*** Opening EXTRACTED INFORMATION ***

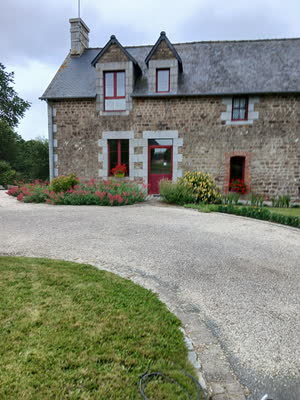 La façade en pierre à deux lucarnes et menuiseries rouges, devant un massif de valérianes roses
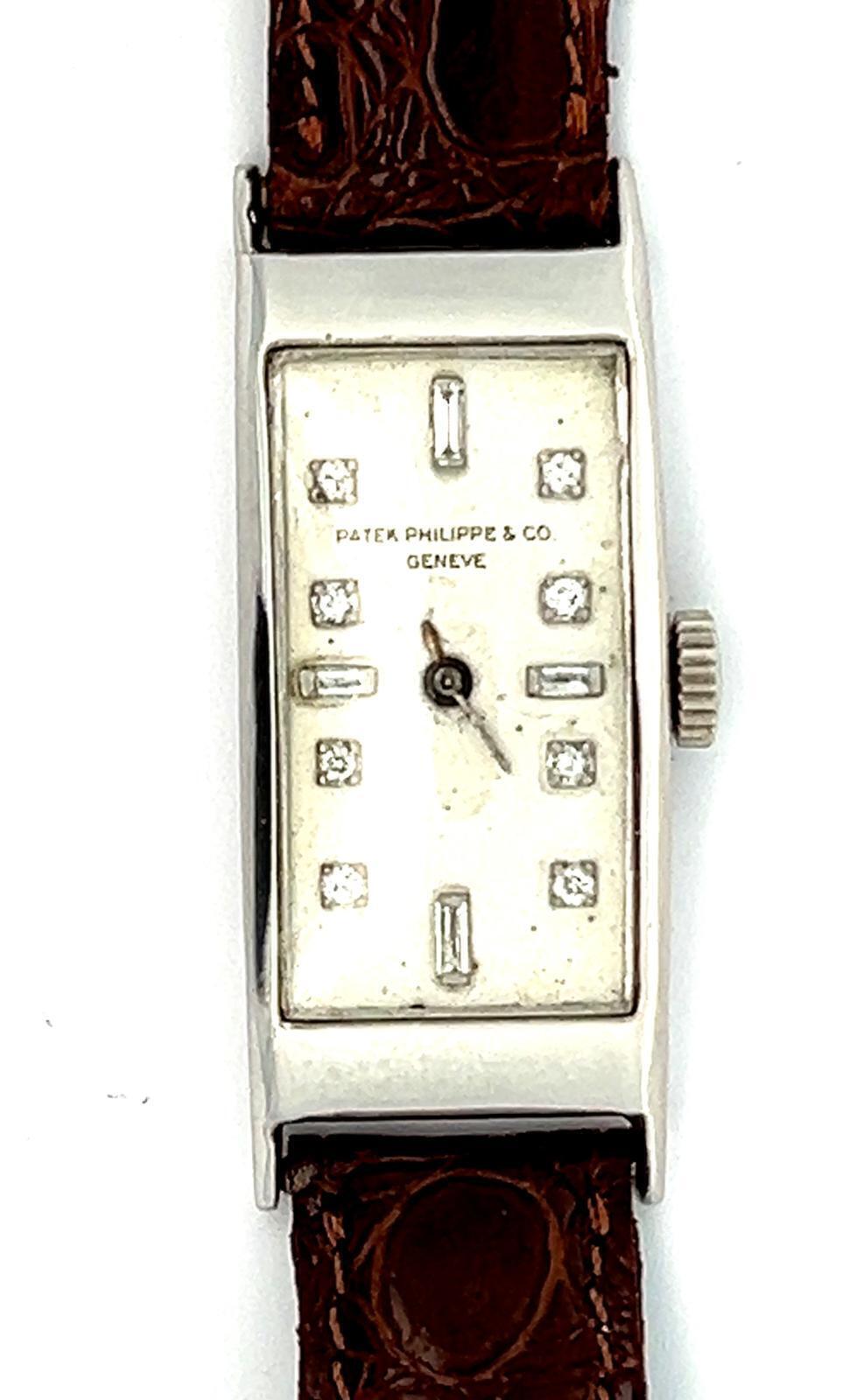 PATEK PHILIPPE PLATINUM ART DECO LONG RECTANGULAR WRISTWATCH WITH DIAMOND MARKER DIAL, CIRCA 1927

*** Closing EXTRACTED INFORMATION ***
*** Opening EXTRACTED INFORMATION ***

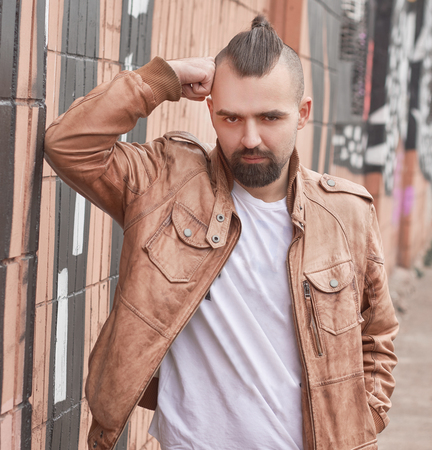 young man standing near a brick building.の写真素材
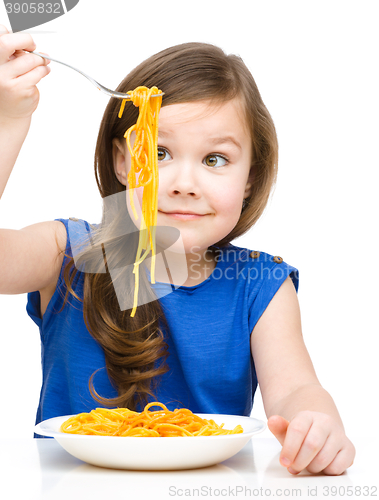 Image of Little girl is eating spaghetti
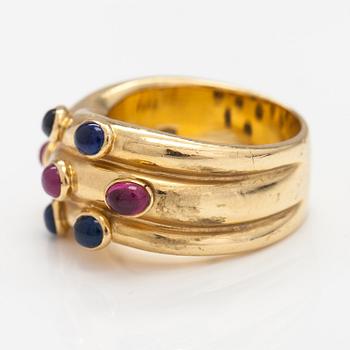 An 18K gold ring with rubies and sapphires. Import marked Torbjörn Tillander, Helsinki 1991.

*** Closing EXTRACTED INFORMATION ***

* **GOAL OF THE EXERCISE**: Using the entries above, extract exactly the lines from the one that contains "young man standing" through the one that contains "An 18K gold". Do not carry over any pictures.

* **RESPONSE TO THIS TASK**:
 young man standing near a brick building.の写真素材
 Image of Little girl is eating spaghetti
 An 18K gold ring with rubies and sapphires. Import marked Torbjörn Tillander, Helsinki 1991.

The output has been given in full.